CRC PROVENCE-ALPES-CÔTE D'AZUR

Dans le cadre d’une enquête nationale, la chambre régionale des comptes Provence-Alpes-Côte d’Azur a contrôlé la gestion de la politique des transports express régionaux (TER) du conseil régional Provence-Alpes-Côte d’Azur (PACA), à compter de l’année 2012. En 2018, le service des TER était le premier poste de dépenses de la collectivité (295 M€, soit 12,5 %). Le coût d’exploitation des TER de la Région Sud est le plus cher de France.

Une situation conflictuelle avait empêché la signature d’une nouvelle convention quadriennale d’exploitation entre la région et SNCF Mobilités dont la teneur et les conséquences ont été analysées par la chambre. Cette situation a pris fin en 2019 à la suite des observations provisoires de la juridiction.

La chambre s’interroge donc sur la pertinence de consacrer des financements publics conséquents à certaines lignes de TER peu fréquentées, alors même que les conditions de transport des usagers de lignes très fréquentées sont loin de pouvoir être qualifiées d’optimales.

Elle attire l’attention des parties sur l’efficacité de ce service, observant que son attractivité dépend en grande partie de sa qualité et de sa fiabilité.

Synthèse

En Provence-Alpes-Côte d’Azur, 560 trains express régionaux (TER) circulent chaque jour. En 2016, ils ont parcouru 14 millions de kilomètres sur les 16 lignes qui leur étaient dédiées. 25 millions de voyages y ont été effectués (soit, 1,1 milliard de voyageurs.Km).
Cette même année, le fonctionnement des TER a généré 85,8 M€ de recettes tarifaires.

Le service des TER était le premier poste de dépenses du budget primitif 2018 de la collectivité régionale, atteignant 295 M€ sur un montant total de 2,4 Md€ (soit 12,5 %), devançant même la politique menée en faveur des lycées. Le coût d’exploitation des TER de la Région Sud est le plus cher de France. Il s’établissait, selon la SNCF, à 29,46 € par train.Kilomètre (€/T.Km) en 2016, pour une moyenne nationale (hors Ile de France) de
23,8 €/T.Km, soit de 19 % de plus. Pour autant, le réseau exploité est sous-dimensionné, la région Provence-Alpes-Côte d'Azur disposant du plus petit linéaire de voies ferrées rapporté au nombre d’habitant.

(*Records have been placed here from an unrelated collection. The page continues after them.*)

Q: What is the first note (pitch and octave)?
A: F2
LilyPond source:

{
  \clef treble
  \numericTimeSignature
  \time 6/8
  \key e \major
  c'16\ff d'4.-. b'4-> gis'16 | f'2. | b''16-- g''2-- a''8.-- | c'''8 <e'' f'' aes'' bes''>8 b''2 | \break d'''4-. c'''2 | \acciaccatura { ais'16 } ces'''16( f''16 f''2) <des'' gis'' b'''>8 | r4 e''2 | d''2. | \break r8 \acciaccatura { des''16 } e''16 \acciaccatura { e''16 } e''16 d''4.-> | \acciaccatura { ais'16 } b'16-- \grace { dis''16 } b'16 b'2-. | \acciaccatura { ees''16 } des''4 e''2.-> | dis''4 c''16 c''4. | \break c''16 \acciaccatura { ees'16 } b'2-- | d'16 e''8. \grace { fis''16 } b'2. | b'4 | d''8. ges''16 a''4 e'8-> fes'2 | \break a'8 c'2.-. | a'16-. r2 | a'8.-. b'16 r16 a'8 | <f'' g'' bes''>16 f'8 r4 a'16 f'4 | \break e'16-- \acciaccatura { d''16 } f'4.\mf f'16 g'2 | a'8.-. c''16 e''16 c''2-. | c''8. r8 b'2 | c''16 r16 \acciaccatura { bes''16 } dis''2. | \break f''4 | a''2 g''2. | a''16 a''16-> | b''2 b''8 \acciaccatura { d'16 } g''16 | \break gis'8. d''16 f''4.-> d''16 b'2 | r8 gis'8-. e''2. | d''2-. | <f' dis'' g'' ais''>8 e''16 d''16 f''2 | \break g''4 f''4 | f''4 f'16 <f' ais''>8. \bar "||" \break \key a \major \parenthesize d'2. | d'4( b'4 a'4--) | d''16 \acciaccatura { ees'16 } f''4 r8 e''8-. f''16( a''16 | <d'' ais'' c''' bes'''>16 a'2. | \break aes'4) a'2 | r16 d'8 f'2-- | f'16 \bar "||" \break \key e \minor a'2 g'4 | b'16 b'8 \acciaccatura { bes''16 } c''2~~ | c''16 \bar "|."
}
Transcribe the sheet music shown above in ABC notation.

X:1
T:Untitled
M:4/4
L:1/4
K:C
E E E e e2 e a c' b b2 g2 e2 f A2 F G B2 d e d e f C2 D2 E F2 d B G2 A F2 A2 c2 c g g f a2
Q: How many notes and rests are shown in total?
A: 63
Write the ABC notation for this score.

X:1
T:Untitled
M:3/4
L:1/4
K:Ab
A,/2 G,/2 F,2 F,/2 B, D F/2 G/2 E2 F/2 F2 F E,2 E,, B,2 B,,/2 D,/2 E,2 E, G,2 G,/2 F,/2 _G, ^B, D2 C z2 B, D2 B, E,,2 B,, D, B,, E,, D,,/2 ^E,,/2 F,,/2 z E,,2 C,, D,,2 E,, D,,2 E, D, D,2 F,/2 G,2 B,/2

  • Les relations entre la région et l’exploitant

Les relations entre le conseil régional, autorité organisatrice des transports (AOT), et SNCF Mobilités, exploitant du service, doivent être régies par un contrat chargé de fixer les conditions d'exploitation et de financement des TER. Durant l’instruction, le dernier contrat signé couvrait la période 2007 - 2016. Il reposait sur un partage des responsabilités entre les deux cocontractants, la région supportant la charge du service public, l’exploitant assumant le risque industriel et commercial.

Toutefois, de nombreux désaccords ou contentieux ont émaillé l’exécution de ce contrat. En 2015, la région a confié une mission à la société générale des Chemins de Fer et de Transports Automobiles (CFTA) - filiale de la société TRANSDEV, elle-même candidate potentielle à l’exploitation de certaines lignes de TER en Région Sud après l’ouverture à la concurrence - visant à cerner davantage certains coûts imputés à la région par l’exploitant. Cette société a estimé être en capacité de réaliser le service commandé en 2016 pour un montant inférieur de près de 37 M€ à celui inscrit dans le devis produit par la SNCF.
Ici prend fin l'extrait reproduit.